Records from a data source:

.....

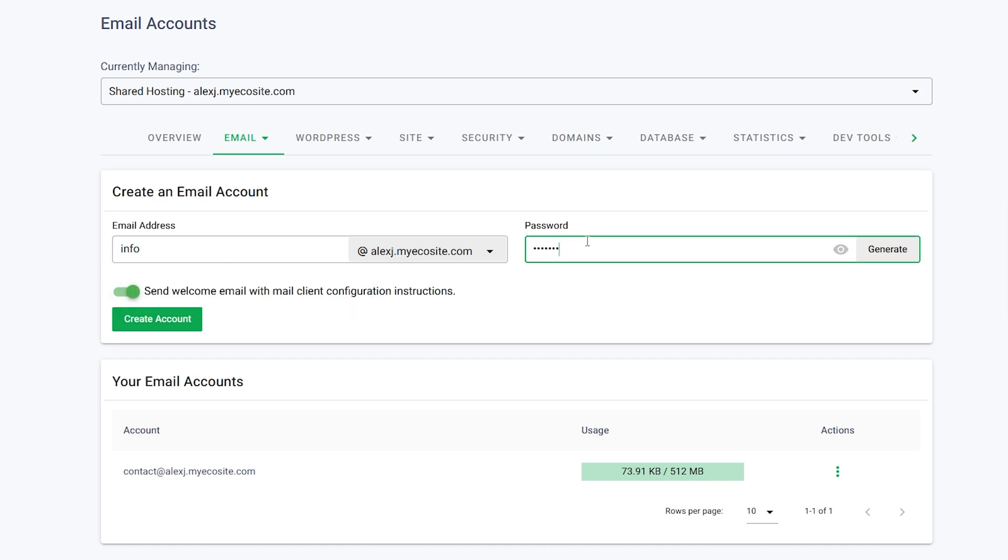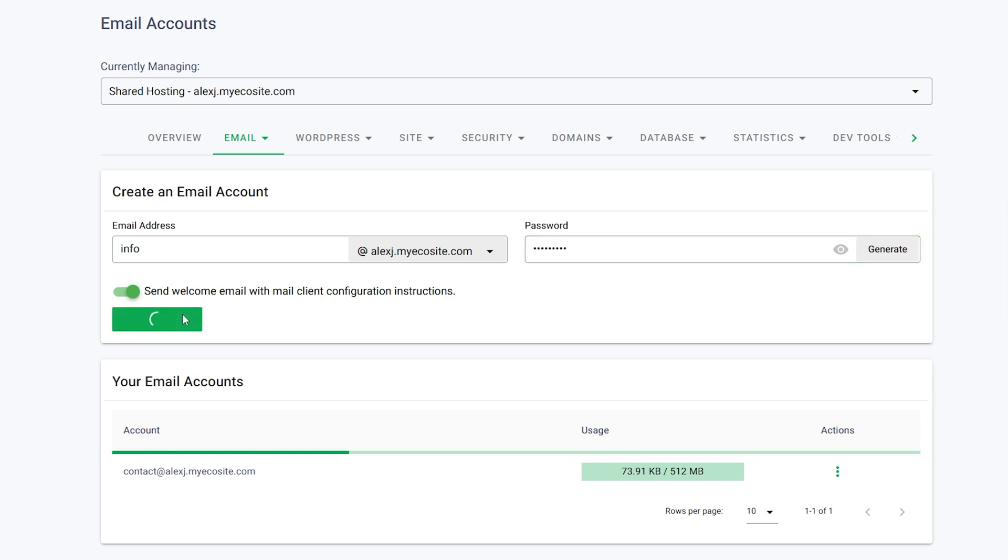Make sure to check the Send a Welcome Email option to receive configuration instructions for third-party apps like Outlook or Thunderbird. Once everything is ready, click the Create button.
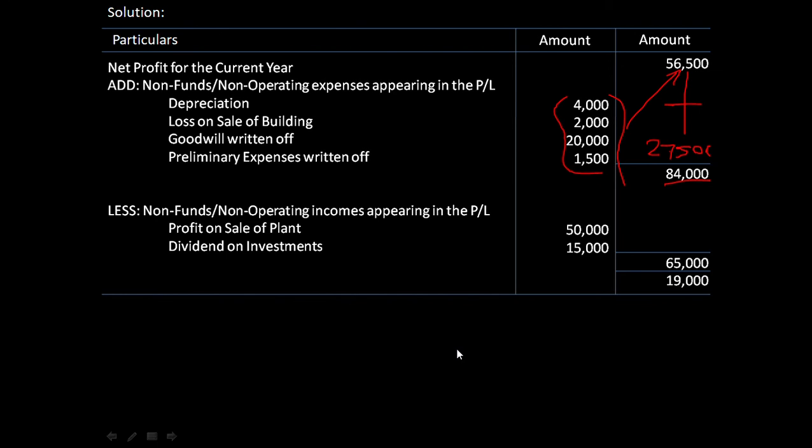Net profit is fifty-six thousand five hundred. We add back depreciation four thousand, loss on sale of building two thousand, goodwill written off twenty thousand, preliminary expenses fifteen hundred, totaling twenty-seven thousand five hundred. This gives eighty-four thousand. Subtracting other incomes of sixty-five thousand gives nineteen thousand as fund from operations. I hope calculating fund from operations is clear now. We will continue in the coming days. Thank you.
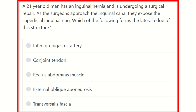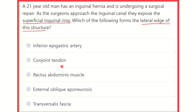A 21-year-old man is undergoing inguinal hernia repair. As the surgeon approaches the inguinal canal, they expose the superficial inguinal ring. Which structure forms the lateral boundary of the superficial inguinal ring? The options are: inferior epigastric artery, conjoined tendon, rectus abdominis muscle, external oblique aponeurosis, and transversalis fascia.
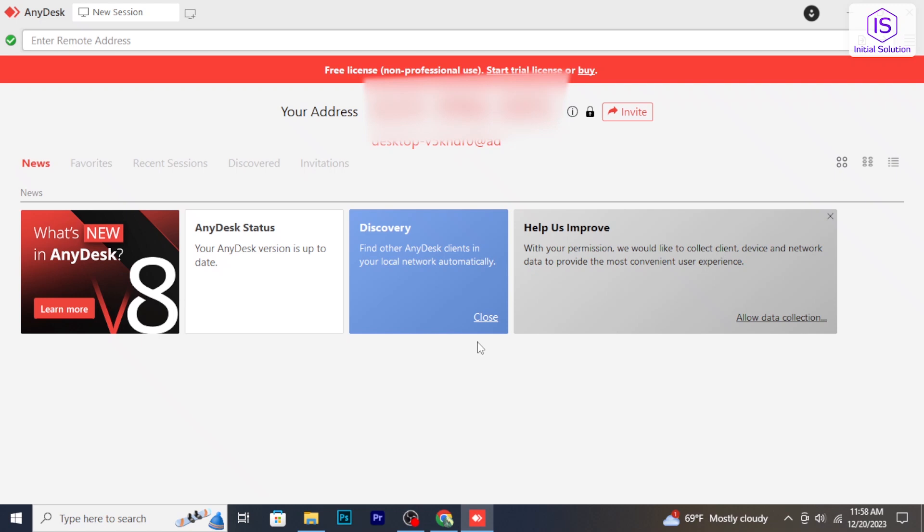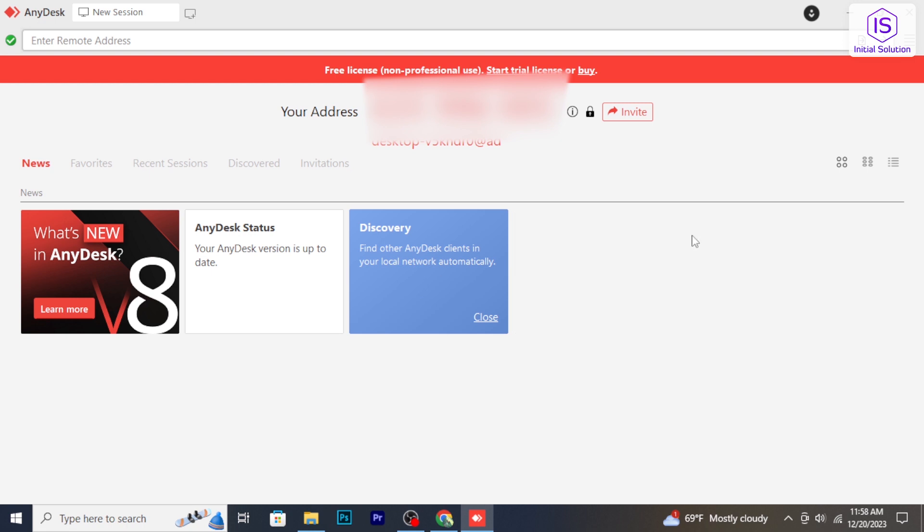Hello and welcome to Initial Solution. In this video I will show you how to stop AnyDesk access, so let's have a look now.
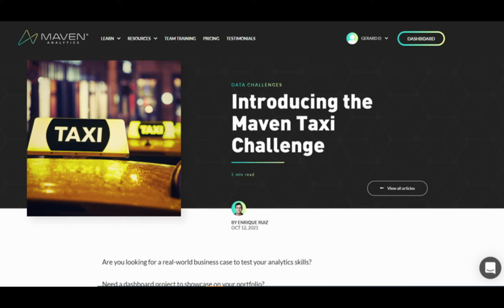Hi there everyone. If you're watching this, you may be taking part in this month's Maven Data Challenge looking at NYC taxi data between 2017 and 2020. If you're looking for some tips on cleaning over 25 million lines of data in Power Query, hopefully you've come to the right place.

.....

> [What to do] Retype all records exactly as shown above, images excluded.

> [Task answer]
Make sure to check the Send a Welcome Email option to receive configuration instructions for third-party apps like Outlook or Thunderbird. Once everything is ready, click the Create button.
Net profit is fifty-six thousand five hundred. We add back depreciation four thousand, loss on sale of building two thousand, goodwill written off twenty thousand, preliminary expenses fifteen hundred, totaling twenty-seven thousand five hundred. This gives eighty-four thousand. Subtracting other incomes of sixty-five thousand gives nineteen thousand as fund from operations. I hope calculating fund from operations is clear now. We will continue in the coming days. Thank you.
A 21-year-old man is undergoing inguinal hernia repair. As the surgeon approaches the inguinal canal, they expose the superficial inguinal ring. Which structure forms the lateral boundary of the superficial inguinal ring? The options are: inferior epigastric artery, conjoined tendon, rectus abdominis muscle, external oblique aponeurosis, and transversalis fascia.
Hello and welcome to Initial Solution. In this video I will show you how to stop AnyDesk access, so let's have a look now.
Hi there everyone. If you're watching this, you may be taking part in this month's Maven Data Challenge looking at NYC taxi data between 2017 and 2020. If you're looking for some tips on cleaning over 25 million lines of data in Power Query, hopefully you've come to the right place.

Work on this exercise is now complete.